Academic Day Seminars

ADS: Interpretation of ECG

Today felt like an ECG bootcamp – but in a great way, and quite timely as I am currently in ICU and have had patient’s w/ ECGs done (and no clue how to incorporate it in my workup) – so I’m looking forward to applying this when I’m back with my patients.

Step 1: Rate

  • Either look at the print out – what does it say the rate is?
  • Or look at how many QRS’ there are in the rhythm strip – then x 6 (because rhythm strip = 10 secs. Rate = 60secs)
  • Or measure it you’re self – baby boxes are 40msec, big boxes are 200msec (5xbaby boxes)

Step 2: Rhythm

  • Sinus rhythm vs. normal sinus rhythm
  • Any heart blocks?
    • 1st degree heart block is a PR interval >200msec —> can be caused by b-blockers (blocking AV node)

Step 3: Conduction:

  • PR normally <200ms; if more then some degree of heart block
  • QRS: 80-120msec
    • wide ie.
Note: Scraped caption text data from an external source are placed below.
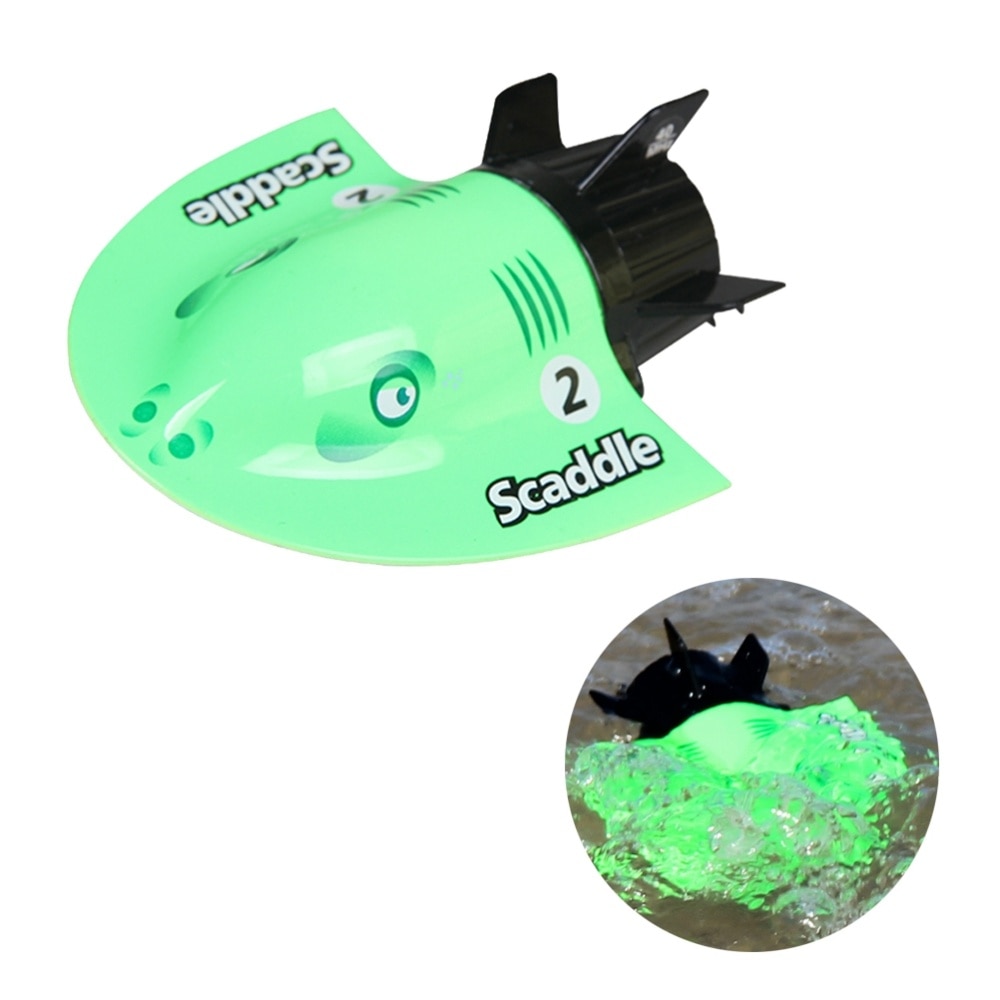 Mini Electric Radio Submarine Remote Control Racing Boat Ship Submarine Toy Cool Aquatic Toys (Green)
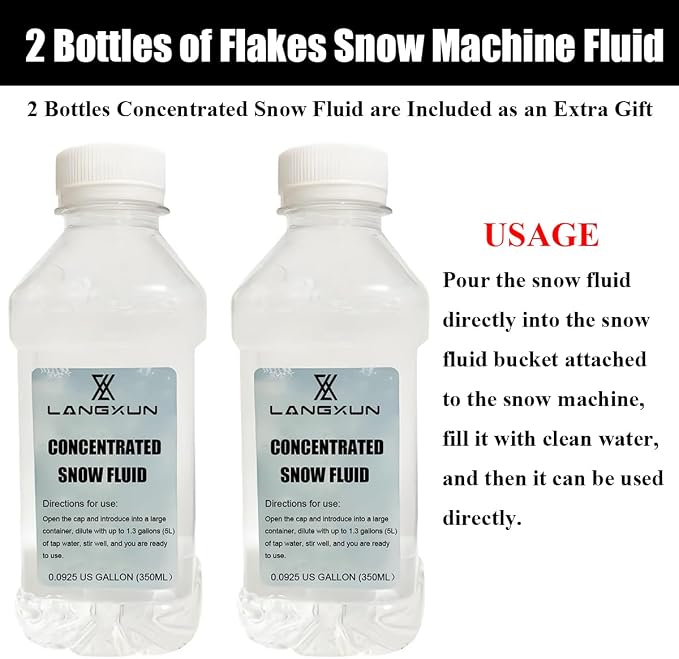 LANGXUN 1500W Snow Machine with Manual & Wireless Remote Control | Large Output Snowmaking Machine for Indoor & Outdoors | Adjustable Snowflake Size | Perfect for Christmas, Weddings, and Parties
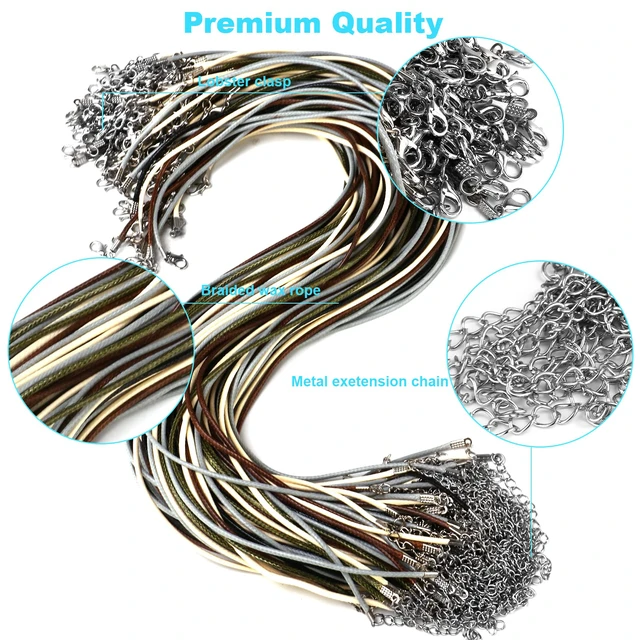 Alt view image 4 of 7 - 100 Pcs Leather Necklace Cord with Clasps, Rope Necklace String, 5 Colors Necklace Cords for Pendants, 19.7" Premium Necklace Chains for Jewelry Making Supplies, 2mm Waxed Necklace Bracelet Cord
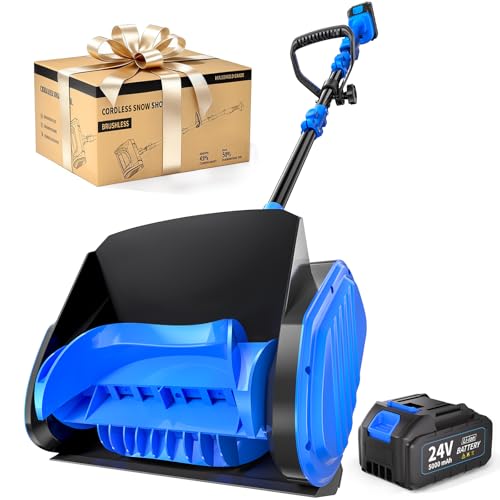 Electric Cordless Snow Shovel, 14.4-Inch | 24V | 5.0Ah Brushless Cordless Snow Blower with Battery and Charge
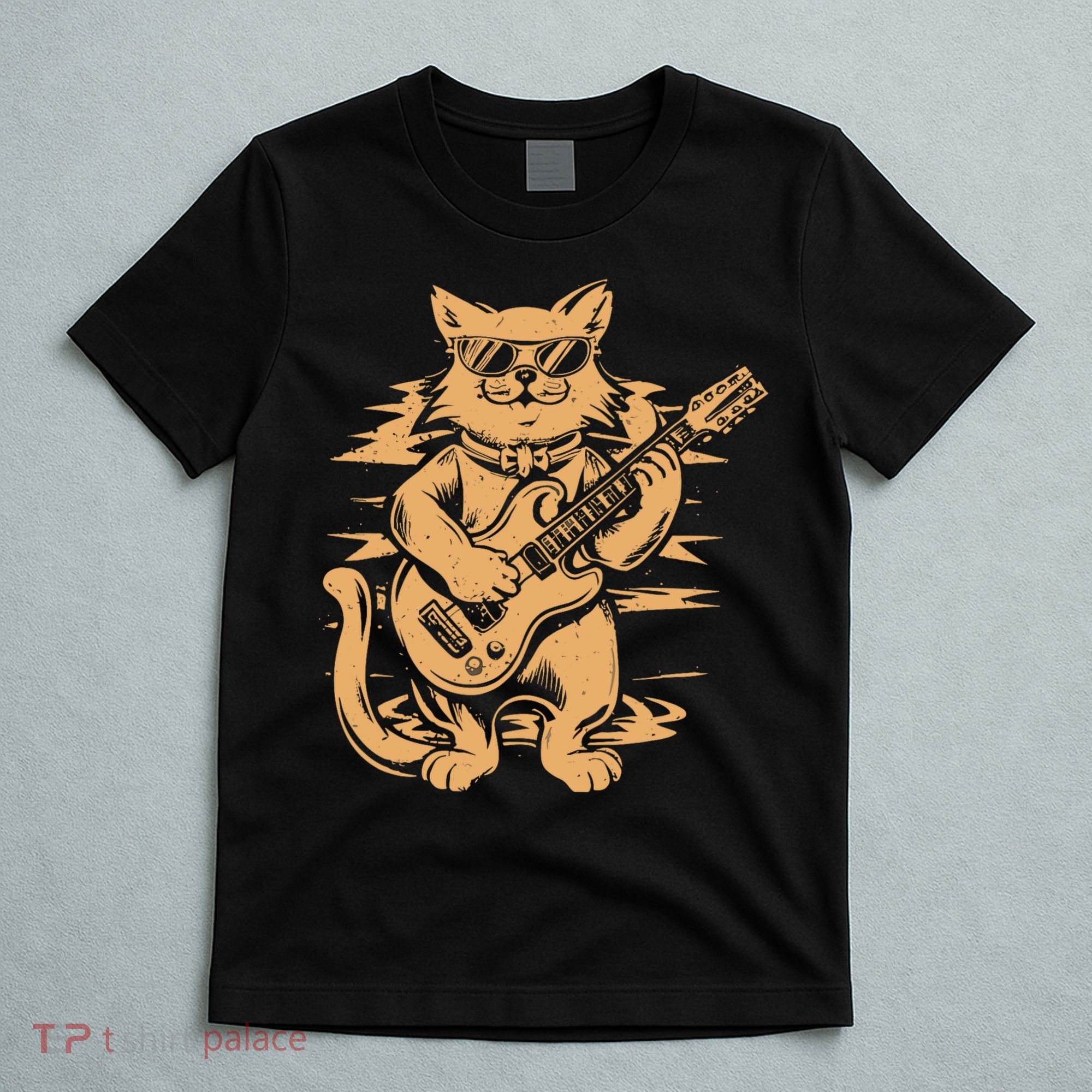 Rock Cat Playing Guitar Rock Kitty Funny Guitar Cat T-Shirt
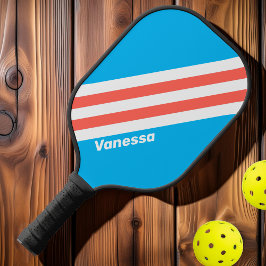 Palas De Pickleball Bandas azules de cielo claro retro con nombre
V-tach, bundle branch
  • QT > 500msec = inc risk for torsades
    • QTc is corrected for heart rate

Step 4: Axis

  • Mean vector of depolarization of your ventricles
  • We care about the direction of the vector, not the amplitude
    • Normal axis is -30 to +120
    • On the ECG look at the R in the P-R-T axes
  • -30 to -90:  is L axis shift = L ventricular hypertrophy, R ventricular ischemia
  • +120 to +180: is R axis shift = R ventricular hypertrophy, L ventricular ischemia

Step 5: Hypertrophy – Atrial, LV, RV

  • Atrial: biphasic P wave in the V1 lead
  • LV: Scoring systems required and if any are positive then it is hypertrophy
    • One way of doing it is = 3 main voltage criteria: S waves in V1 and R wave in V5 >35mm = LVH
    • low sensitivity and high specificity
  • RV: Scoring systems required
    • poor R wave progression (not increasing/progressing from V1 to V3)

Step 6: Injury, ischemia, infarction

  • Inferior, anterior, lateral vs. posterior
  • T wave inversion: early indicator of ischemia
  • ST:
    • ST depression: don’t come back to baseline after S to the T, >1mm higher than baseline
    • ST elevation: S wave passes baseline and rolls into the T, >1mm higher than baseline
  • Q waves:
    • If you have Q waves on your ECG but no sx then they are old Q waves (e.g. previous ischemia)
    • Q waves are significant if they are greater than 1 box in width (longer than 0.04 msec) OR are larger than 1/4 of the R wave. (or >1/3 of the amplitude of the entire QRS complex)
    • A no positive deflection before the negative deflection to make sure it’s the Q wave vs the S wave
  • Bundle branch blocks – if they exist the rest of the ECG doesn’t follow the rest of rules, always QRS widening and S waves split/asymmetrical


Look at the inferior leads first and then the anterior leads. You have to see abnormalities in contiguous leads, not just one lead (ie. VII and III or III and aVF) to make a diagnosis.